Tidak ada pekerjaan, gangguan pekerjaan atau tunawisma. Efek zat beracun, alkohol atau obat-obatan dapat merusak otak.
Stres kronis memiliki durasi yang panjang. Isolasi sosial atau perasaan kesepian.
Tinggal di lingkungan yang buruk. Trauma yang signifikan, seperti pertempuran militer, kecelakaan serius, atau kejahatan di masa lalu.
Faktor risiko gangguan kesehatan mental 


Beberapa faktor risiko gangguan jiwa, antara lain: 
Wanita berisiko tinggi mengalami depresi dan kecemasan, sedangkan pria berisiko lebih tinggi mengalami penyalahgunaan zat dan menjadi antisosial. Wanita pasca melahirkan.

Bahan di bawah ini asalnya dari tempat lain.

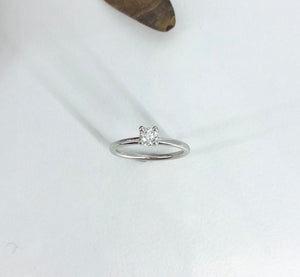 Classic 4 claw Engagement Ring in White Gold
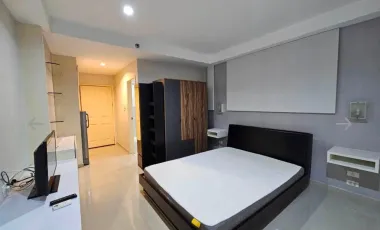 Condo en alquiler de 2 habitaciones en Bang Kapi, Bangkok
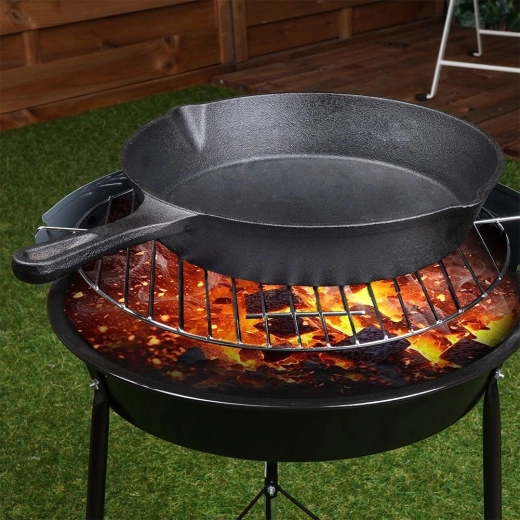 Utilizare versatilă pe plită, în cuptor și pe foc deschis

Memiliki masalah masa kecil atau kehidupan. Memiliki pekerjaan yang membuat stres, seperti dokter dan pengusaha.
Memiliki keluarga atau riwayat keluarga dengan penyakit mental. Memiliki kisah kelahiran memiliki efek negatif pada otak.
Memiliki riwayat penyakit mental. Mengalami kegagalan dalam hidup, seperti sekolah atau kehidupan profesional.
Penggunaan alkohol atau narkoba yang berlebihan. Gejala Gangguan Kesehatan Mental 
Gangguan jiwa atau gangguan jiwa dapat didahului oleh gejala-gejala berikut ini, antara lain: 
 
Berteriak atau berkelahi dengan keluarga dan teman Anda.
Delusi, paranoia atau halusinasi. Kehilangan konsentrasi.
Ketakutan, kecemasan atau rasa bersalah yang masih menyakitkan. Tidak dapat mengatasi stres atau masalah sehari-hari.
Kemarahan ekstrim dan kecenderungan kekerasan. Memiliki pengalaman dalam peringatan buruk yang tidak bisa dilupakan.
Punya ide untuk melukai diri sendiri atau melukai diri sendiri. Hindari orang dan aktivitas sehari-hari.
Mendengar suara atau mempercayai hal-hal yang tidak benar. Mengalami nyeri yang tidak dapat dijelaskan. 
Mengalami perubahan suasana hati drastis yang menyebabkan masalah dalam hubungan dengan orang lain. Perasaan bingung, pelupa, marah, marah, cemas, lelah, cemas dan takut.
Merasa sedih, putus asa, tidak berdaya, putus asa atau putus asa. Merokok, minum alkohol lebih banyak dari biasanya, atau bahkan menggunakan narkoba.
Perubahan dramatis dalam kebiasaan makan, seperti makan terlalu banyak atau terlalu sedikit. Perubahan libido.
Kelelahan parah, energi rendah atau sulit tidur. Tidak dapat dilakukan setiap hari sebagai merawat anak -anak atau bersekolah atau bekerja.
Tidak dapat memahami kondisi dan orang.